This is a PHP prototype of the identity reconciliation engine. The full engine is encapsulated under the reconciliation_engine namespace. Two sample uses of the engine are provided in index.php
which provides a web api with the "q" url parameter and main.php
which uses a hard-coded name to search.
The engine requires PHP5, which should be installed by default. It also requires the php-curl module from the apt-get or yum repositories. Once downloaded, in the src/
directory, grab all the required packages using php composer:
curl -s http://getcomposer.org/installer | php
php composer.phar install --no-dev
The first line downloads and installs composer. The second installs the packages required for ElasticSearch. After these are completed, you can run the main test file with:
php main.php
Full API documentation is available here.

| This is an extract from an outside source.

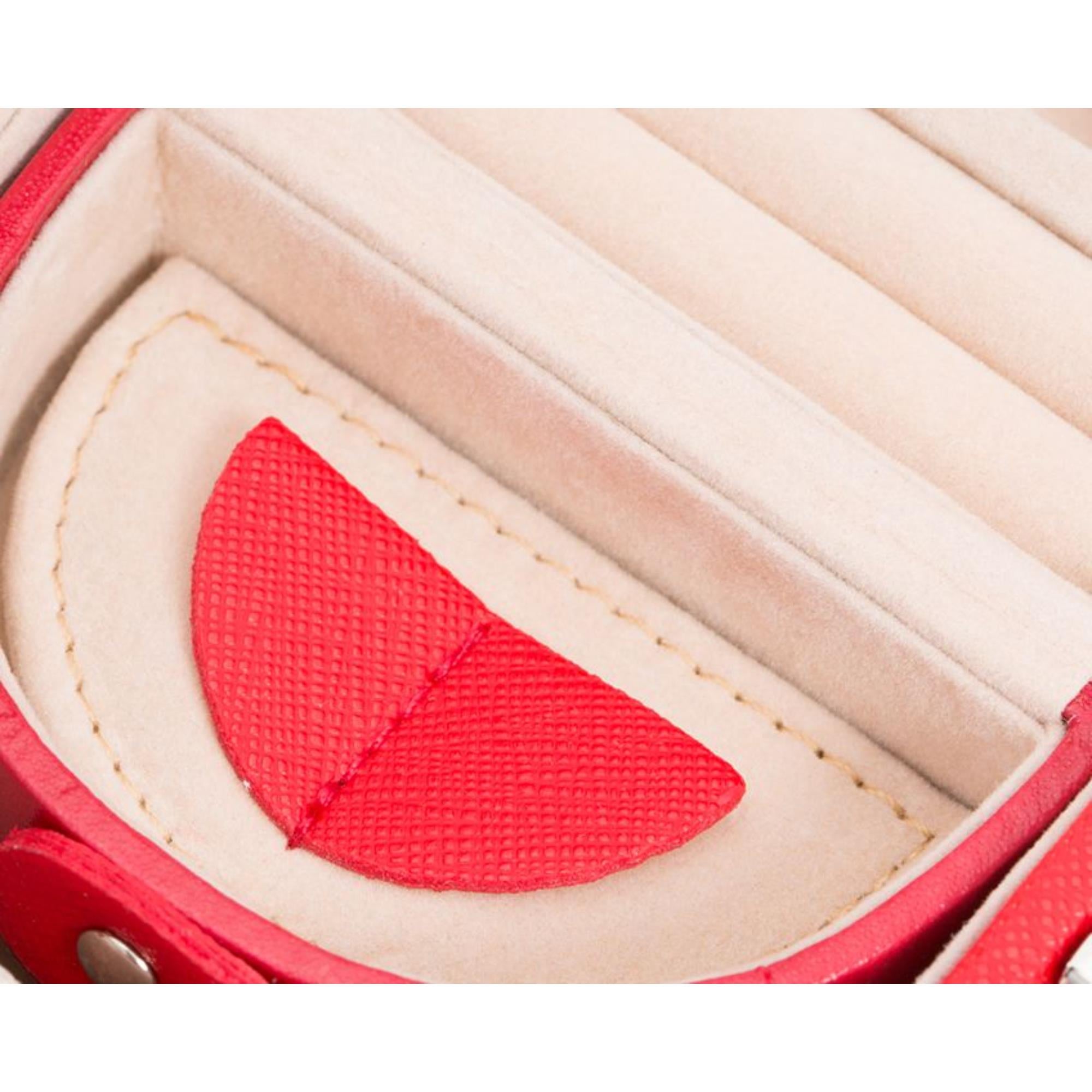 WOLF Heritage Mini-Ovalbox Rot Saffiano Leder 281414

Stages in the Reconciliation Engine that use Elastic Search require the following indices and types:
curl -XPUT "localhost:9200/_river/search_name/_meta" -d ' {
"type" : "jdbc",
"jdbc" : {
"url" : "jdbc:postgresql://localhost:5432/eaccpf",
"user" : "snac",
"password" : "snacsnac",
"sql" : "select n.id, n.cpf_id,c.ark_id,n.original,off.original as official from name n left join cpf c on c.id = n.cpf_id left join name off on c.name_id = off.id",
"index" : "snac",
"type" : "search_name",
"strategy" : "oneshot"
}
}'
curl -XPUT "localhost:9200/_river/name_and_rels/_meta" -d ' {
"type" : "jdbc",
"jdbc" : {
"url" : "jdbc:postgresql://localhost:5432/eaccpf",
"user" : "snac",
"password" : "snacsnac",
"sql" : "select n.id, n.cpf_id,c.ark_id,n.original,off.original as official, rel.num_relations from name n left join cpf c on c.id = n.cpf_id left join name off on c.name_id = off.id left join (select cpf_id1 as cpf_id, count(*) as num_relations from cpf_relations group by cpf_id1) rel on n.cpf_id = rel.cpf_id;",
"index" : "snac",
"type" : "name_and_rels",
"strategy" : "oneshot"
}
}'